With many economic indicators on the up and up (exiting the bailout, reduced unemployment, Moody's upgrade and a property market out of intensive care), both Fine Gael and Labour will feel that the tide is finally turning, both economically and politically.
At 30 per cent, Fine Gael registers its highest rating in this series of polls, while Labour has also improved by three points to 12 per cent. Both parties are a long way off their general election showing, but at this stage of the electoral cycle they will be quietly confident that their strategy of playing the long game towards 2016 is beginning to take shape.
Satisfaction with the Government's performance overall is also up. Although with just 23 per cent happy, the public's endorsement is still, at best, underwhelming.
Those most satisfied with the Government's performance are unsurprisingly Fine Gael supporters (68 per cent of whom are happy), those from a higher socio-economic background (32 per cent of ABs are approving), or those living in Dublin (31 per cent). It is instructive to note that among Labour supporters, just 26 per cent are satisfied with the current performance of the administration. Labour has often been the fall guy within the Coalition, much more so than its senior partner, and has acted like a lightning rod in attracting the public's ire.
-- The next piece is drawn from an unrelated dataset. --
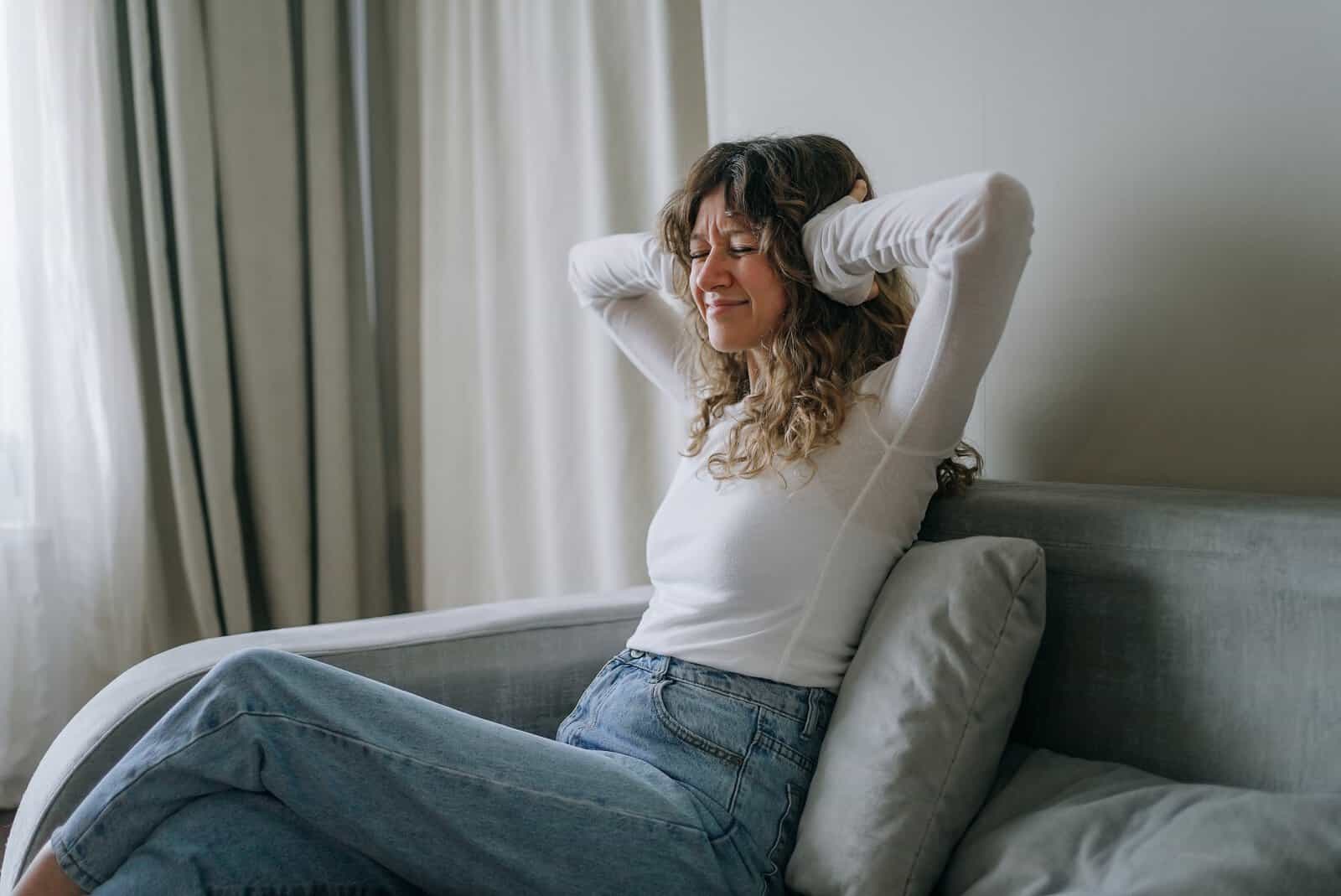 Woman relaxing on bed with hands behind head, smiling peacefully.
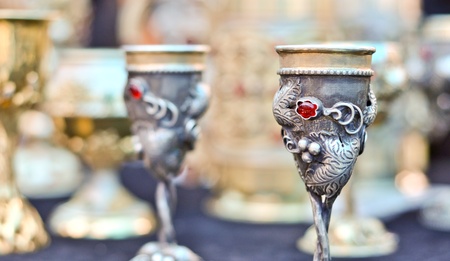 vintage metal goblet with a red gemの写真素材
It is perhaps more useful to focus on the levels of dissatisfaction. For the first time, dissatisfaction has dipped below the 70 per cent mark – a significant decrease. It seems our sense of disgruntlement is waning somewhat.
One swallow, however, doesn't make a summer. Still expect some bloody noses come the local and European elections for this administration in May. Damage limitation may well be the key.
Looking at the opposition parties, Fianna Fail will be relatively happy with 26 per cent, especially with the Government amplifying all positive economic indicators.
Independents have dipped, and attract 15 per cent of the vote. Given the disparate nature of this group, their support has a tendency to oscillate somewhat.
The main casualty in this poll is Sinn Fein – it has dropped back five points, and now stand at 16 per cent. The party has been growing and consolidating its support base during the term of this Dail so far, so to fall back by a significant margin will serve as a rude awakening for them. It may temper any complacency they may have had in the run-up to the local elections.
This will come as a disappointment to them particularly in light of some strong performances recently, especially by Mary Lou McDonald. However, there is an argument that being a party of protest without offering the electorate a compelling alternative will unravel very quickly as the public becomes more focused.
Another hypothesis for the dip in Sinn Fein's support is that Gerry Adams is not connecting with the electorate. His satisfaction ratings have been on a downward path since the late summer; in August, 25 per cent were happy with his performance. Support for his leadership now stands at 19 per cent.
Looking at Sinn Fein's own supporters, we have seen consistently throughout these polls that they are the most enthusiastic in terms of support for their leader. Two-thirds (67 per cent) still are, but this loyalty has become increasingly tarnished; in September, satisfaction with their leader among Sinn Fein supporters was 82 per cent, falling to 75 per cent in October and 71 per cent in November.
Let's step away from the current political menu on offer. Is there a desire for an alternative political party? Apparently not as much as we may have thought. Appetite for such a development is tepid at best (down 11 points to 35 per cent). The proportion of the electorate who want to keep the status quo (whatever that will be) is at its highest level (40 per cent) since we started tracking this issue.
It seems that the tone of the Reform Alliance does not suit everybody's palate (just 28 per cent think they should form a political party). Something else may be necessary to re-invigorate politics in Ireland. The question is – is there such a silver bullet?